Destiny: The predetermined, usually inevitable or irresistible, course of events. (Dictionary.com)
Fourteen days before Clemson met Ohio State in the Fiesta Bowl, I was invited to speak to the team. I had had no idea that what I thought was a chance meeting years before would lead me right to the football meeting room at Clemson.
When I left the facility that day, I knew, deep down, this team was destined for greatness. I knew it was bound for the mountaintop — the College Football Playoff championship game in Tampa. I knew they were going to stake a Clemson flag at the summit.
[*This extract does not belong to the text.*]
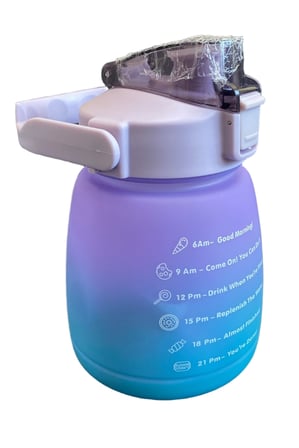 Motivasyonel Su Matarası 1.5L Mor Mavi Ombre Zaman İşaretli Pipetli Büyük Hacimli Günlük Su Takip Şişesi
Unbeknownst to many, Clemson already had been to one mountaintop. Two years and eight months before, the Tigers’ logo, emblazoned on hats and shirts, flew proudly atop Mt. Kilimanjaro, the world’s tallest freestanding mountain, at 19,341 feet.
Talk about foreshadowing.
Clemson’s first mountaintop
Kevin Turner, a former Alabama fullback and recipient of the hallowed Ed Block Courage Award in the NFL, walked into my radio studio in 2011, not long after he was diagnosed with ALS. When our interview ended I realized my life would never be the same. Some people instantly do that to you. Turner’s goodness, his bravery, his sense of humor were palpable.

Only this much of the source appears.